> Task statement
Locate "Maped 4 db-os" in the listing. Transcribe the line that contains it and every line that follows, through the last, omitting all pictures.
--- START ---
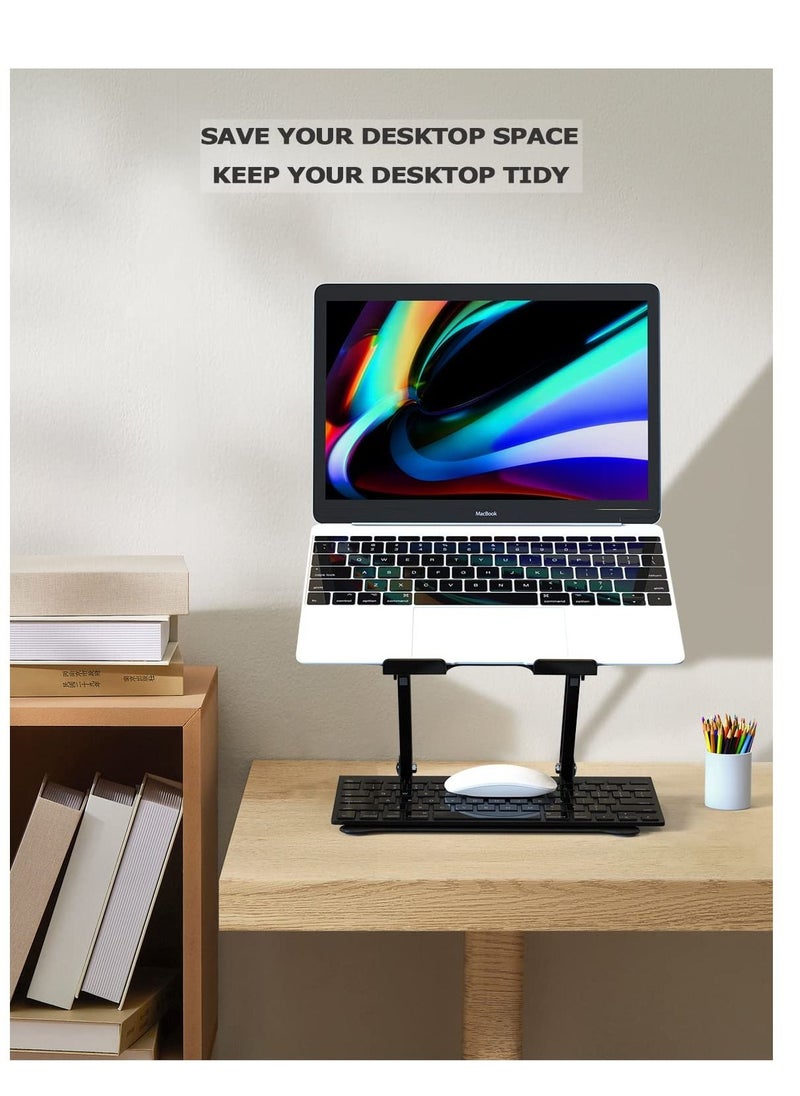 Arabest Laptop Riser Adjustable Laptop Stand Foldable Aluminum Portable Computer Stand Laptop Holder Compatible for MacBook,HP, Lenovo,Surface,Dell, ASUS, Laptops up to 17 Inch  - Image 4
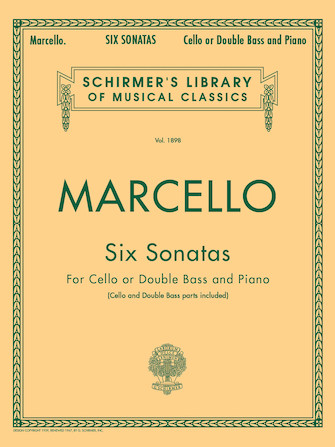 Cello Or Double Bass Six Sonatas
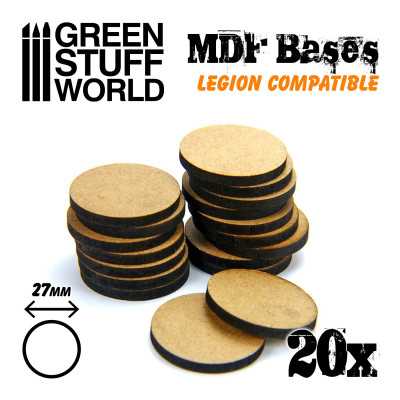 MDF Bases - Round 27 mm (Legion)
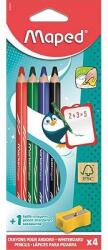 Maped 4 db-os törölhető táblaceruza készlet hegyezővel (IMA833800)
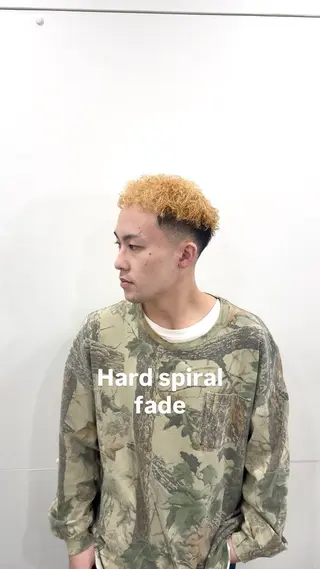 ショート カラー パーマ メンズ特化✂︎ ✂︎sunのヘアスタイル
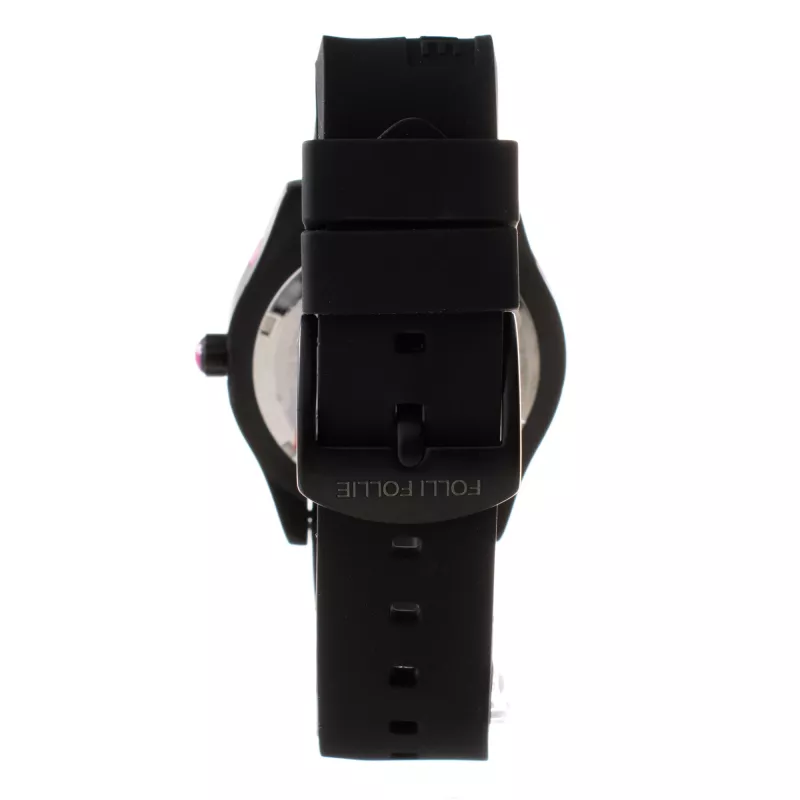 Folli Follie Donatella sieviešu kvarca pulkstenis 40mm rozā zelta nerūsējošais tērauds rozā āda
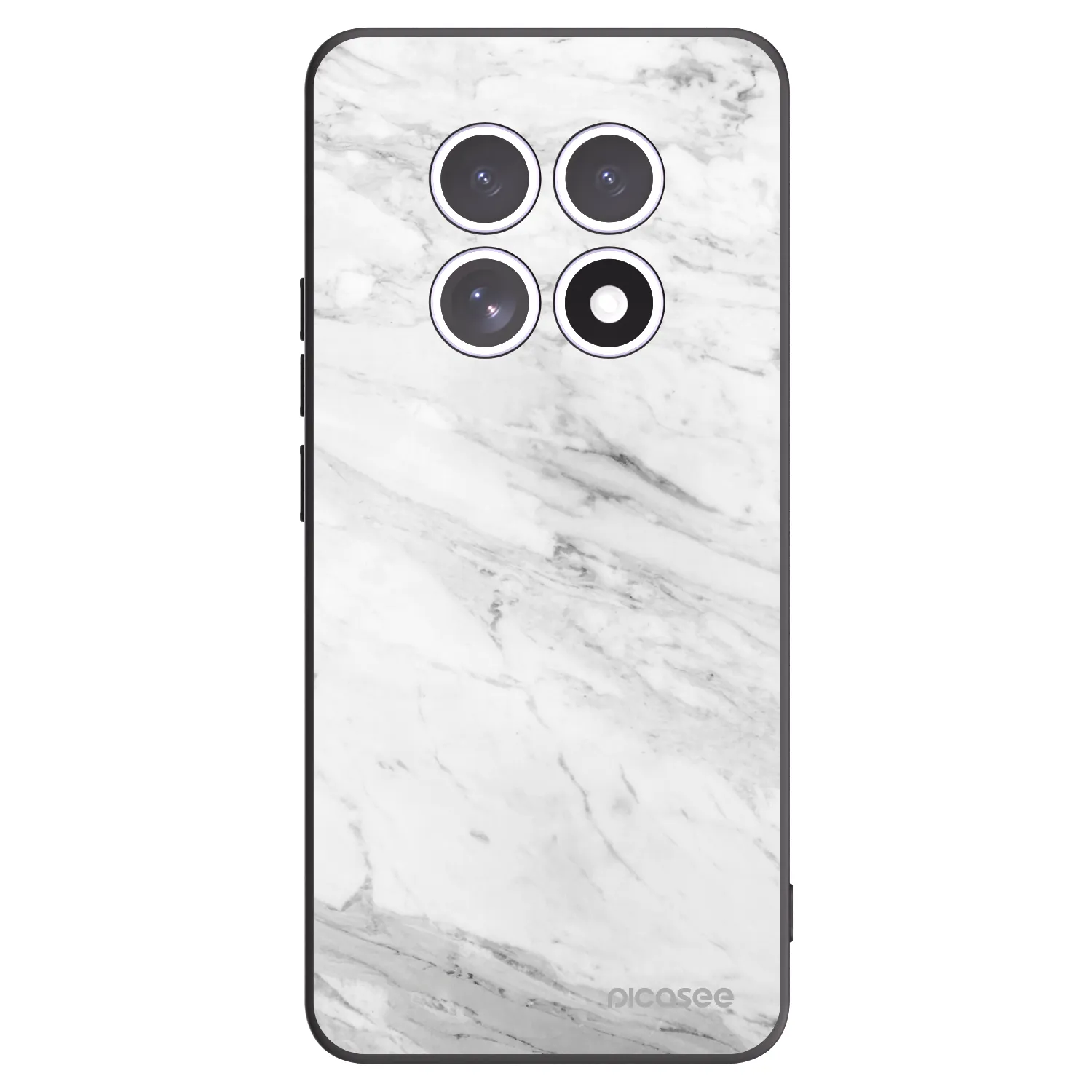Picasee husă neagră din silicon pentru Xiaomi Redmi Note 15 5G - White marble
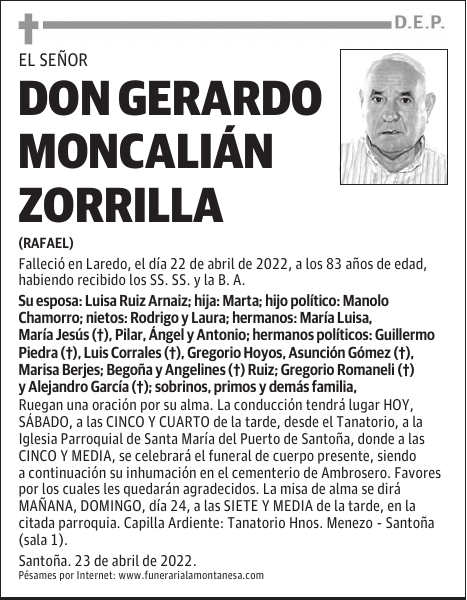 DON GERARDO MONCALIÁN ZORRILLA
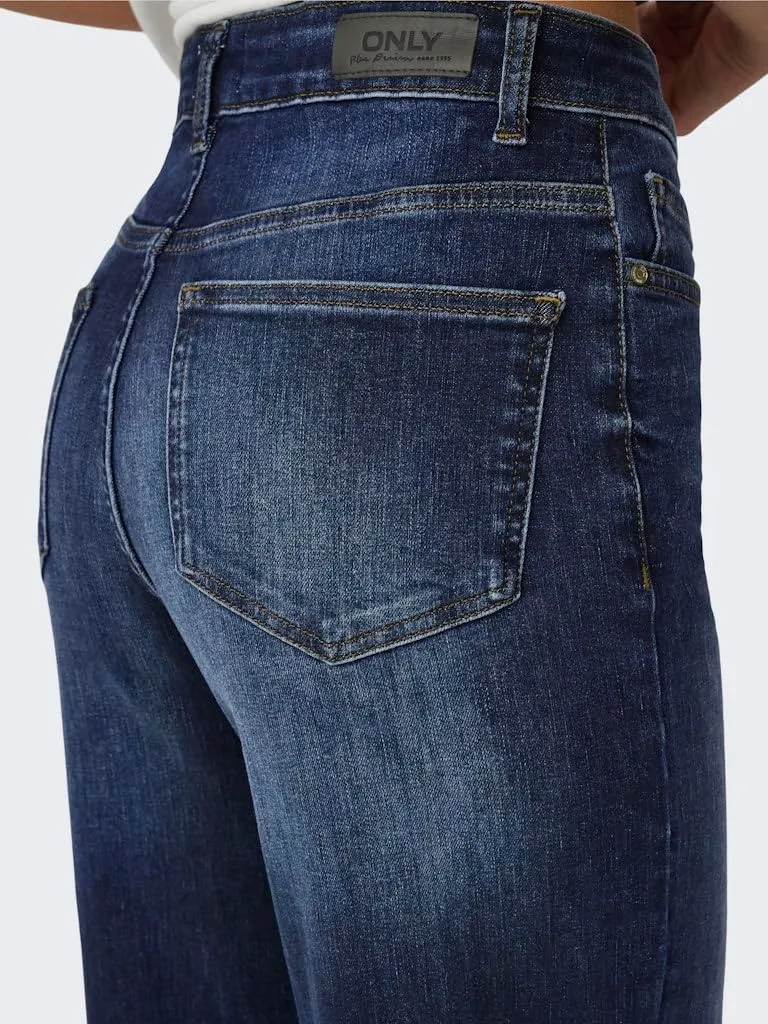 ONLY Onlmadison Blush jeans wide donna blu scuro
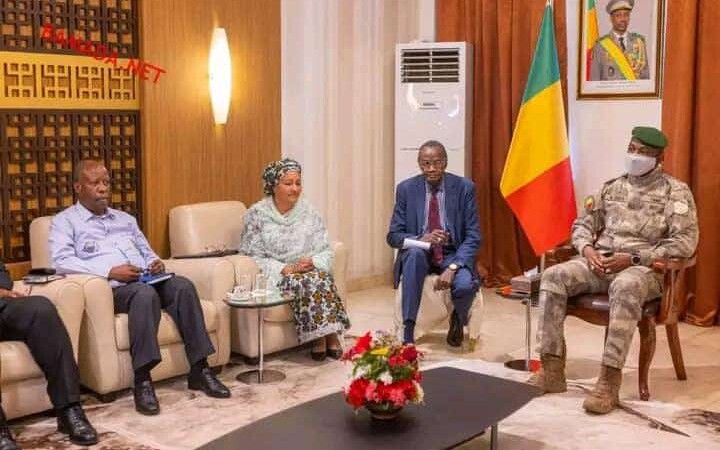 Mali : Assimi Goïta reçoit une délégation onusienne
--- END ---
> Task solution
 Maped 4 db-os törölhető táblaceruza készlet hegyezővel (IMA833800)
 ショート カラー パーマ メンズ特化✂︎ ✂︎sunのヘアスタイル
 Folli Follie Donatella sieviešu kvarca pulkstenis 40mm rozā zelta nerūsējošais tērauds rozā āda
Picasee husă neagră din silicon pentru Xiaomi Redmi Note 15 5G - White marble
 DON GERARDO MONCALIÁN ZORRILLA
 ONLY Onlmadison Blush jeans wide donna blu scuro
 Mali : Assimi Goïta reçoit une délégation onusienne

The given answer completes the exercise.